10 Best Films 2020: Annice White

In a year that was like no other, a list of the Best Films of 2020 is an interesting one. Beginning with the game-changer that was Parasite – a film not in the English language winning the Best Picture, Original Screenplay and Director (as well as Best Foreign Language Film) at the Oscars – it would seem that at the start of 2020 this was going to be a fantastic year for cinema. Little did we know then how much everything would change. Cinemas closed and many of the year’s big releases were pushed back into 2021. There was a moment of relief when cinemas reopened in August with Tenet, but the less said about that the better.

Despite what feels like a year of negativity, there have been some great films released in 2020 that deserve celebration. Here are Annice White’s Best Films of 2020. Note: these are 2020 films based on UK release dates.

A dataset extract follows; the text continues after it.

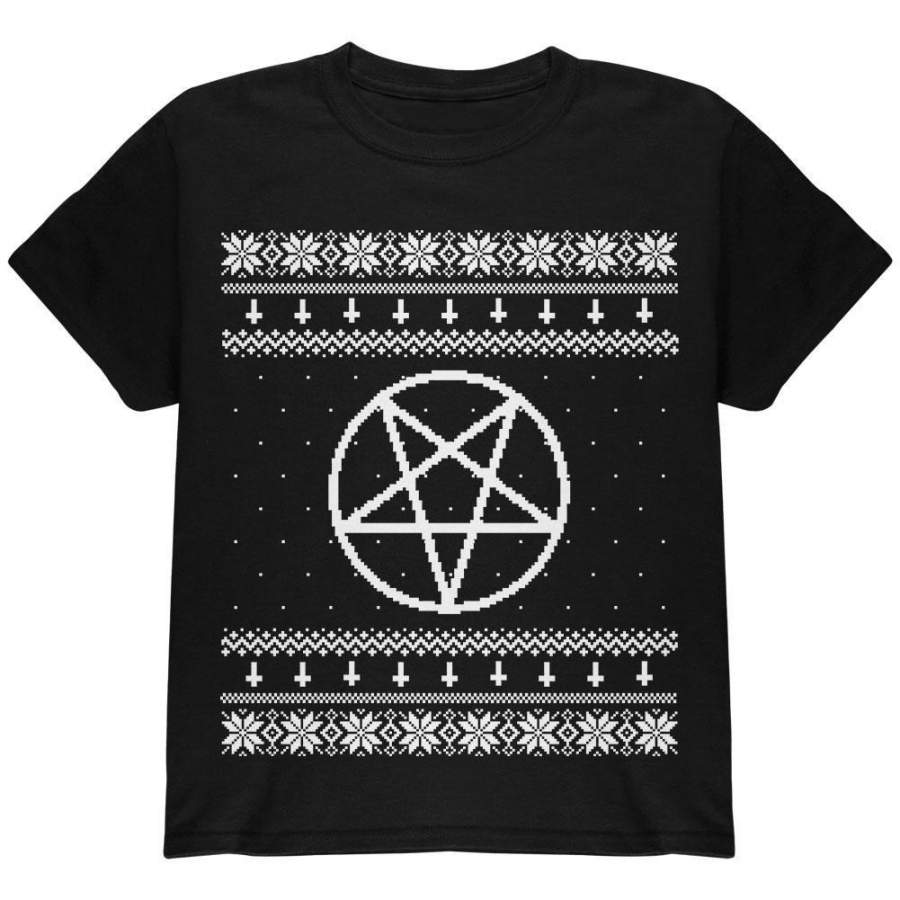 White Satanic Pentagram Ugly Christmas Sweater Black Youth T-Shirt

Make sure to follow the author of this article, Annice White, on Twitter @annicewhite_.

10. The Climb

The opening of The Climb sets up beautifully for the rest of the feature – long shots of ‘best friends’ Mike (writer, director, and star Micheal Angelo) and Kyle (Kyle Marvin) cycling a leg of the Tour De France. Kyle is excited about his upcoming wedding, and his fiancée is amazing. Unfortunately, Mike is already very much aware of this. He is also in love with her, and they have been having an affair behind Kyle’s back. Mike is a terrible person and an even worse friend. The Climb is an anti-bromance film.

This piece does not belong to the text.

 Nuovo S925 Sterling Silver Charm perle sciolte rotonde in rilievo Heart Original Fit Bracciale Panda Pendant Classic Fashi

It is a beautiful film filled with slow and controlled shots. Many have criticised The Climb on the basis that ‘little happens’, but that is the beauty of this small budget independent. We are there to observe life as it happens. There may be moments of heartbreak, but The Climb has honesty and humour at its core.

9. The Boys in the Band

This Netflix Original, based on the play by Mart Crawley and previously adapted for the big screen in 1970, has flown under the radar in a noteworthy year for streaming giants. The film was released with some audience uncertainty as an ‘unnecessary remake’, however, the cast of the film are the stars of the 2018 Broadway revival, so this version comes from a place of respect for the source material. The film was also possibly overlooked due to its lead being played by the often typecast Jim Parsons, though in The Boys in the Band the former ‘Big Bang Theory’ actor shows that he can play much more than a geeky scientist.

The central narrative of how LGBTQ+ people have to hide a part of themselves is unfortunately still relevant. An old college friend of Michael’s (Parsons) is stopping by for a drink but he does not know that Micheal is gay, and Micheal would like his friends to act accordingly. This night throws up issues of internal and external homophobia, and expectations that are placed on a person based on their sexuality. The cast of The Boys in the Band is comprised of openly gay actors, which is something to be championed in 2020, but this not a gimmick and the performances are captivating. The Boys in the Band is a real treat to watch.